The assumption for this blog post is that you already have Ollama, Gemma3 (or another model), and Open-WebUI already setup. There’s a lot to get to this point, so if you haven’t…go ahead and do that first and come back here.

Setting up your environment (One time only)

Enable the option Hybrid Search under the Admin Panel->Settings->Documents settings page.

Going about prompting on a Youtube video

The video I used was a flight review of China Southern Airlines

Start your chat off with the # character in the chat, copy and paste the YouTube link and wait for it to pop up an option to select the video:

PromptingForYoutube

This will take a minute or two for the UI option to become available. The video is being downloaded during this delay.

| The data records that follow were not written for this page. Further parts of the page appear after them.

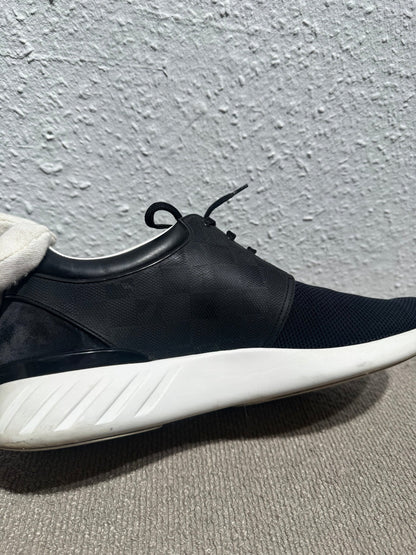 Louis Vuitton Fastlane Sneaker Schwarz / Weiß - BagAffair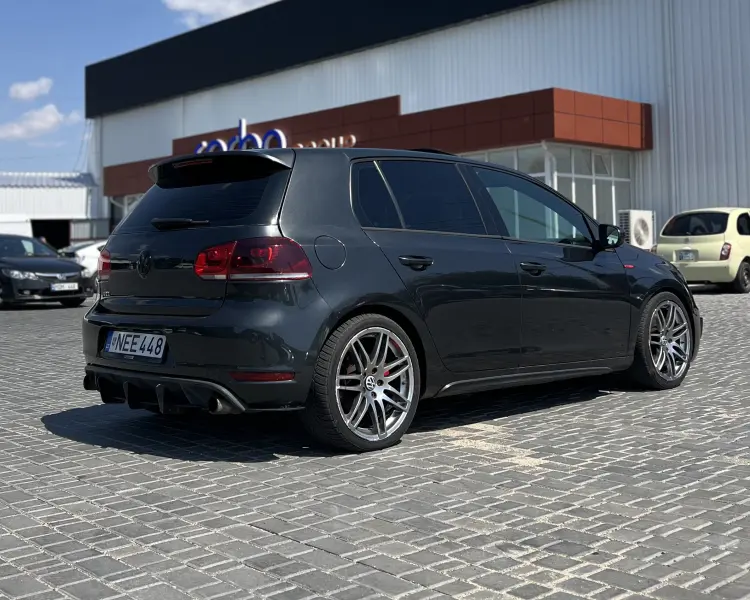 Volkswagen Golf GTI, 2010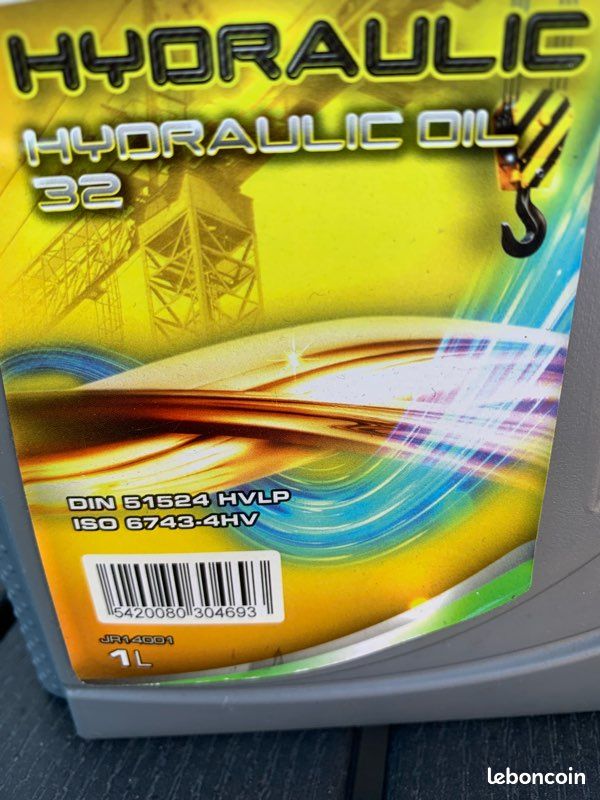 Vend huile hydraulique (image 1)
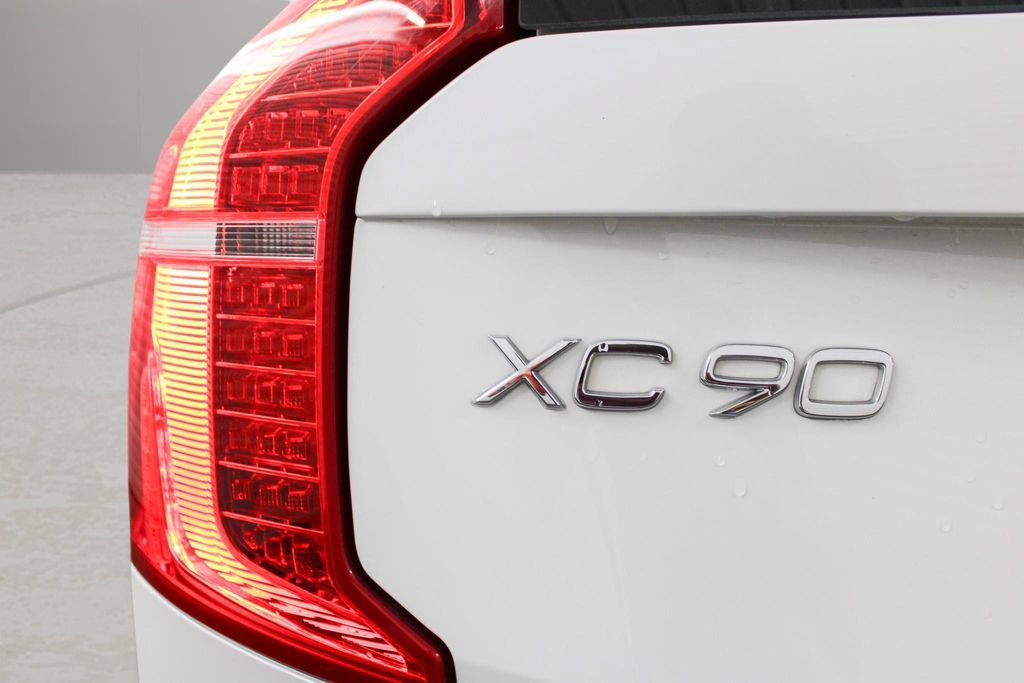 Certified 2024 Volvo XC90 B6 Plus w/ Protection Package Premier AWD/4WD image 33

After that, ask away. I asked about the video: "What was the narrator shocked about?"

Results

After the response from Gemma, I got the answer back:

“The narrator was shocked to discover free inflight Wi-Fi, as well as to realize that a meal was being served as breakfast at 10:00 p.m. when the local time at their destination would be 7:30 p.m”

Not a bad answer.

To be able to interact with the video was pretty exciting. There are a lot of videos out there that are a lot longer than they should be. This is a great way to ask information and to extract summaries.

In the end I got this kind of response out of Gemma3-12b. (That’s a pretty small model)

More Questions that were asked of this video

My Impression

I’m geniunely impressed. While it’s not perfect, but it’s a great way to interact with informationally dense videos and to keep your data local and private.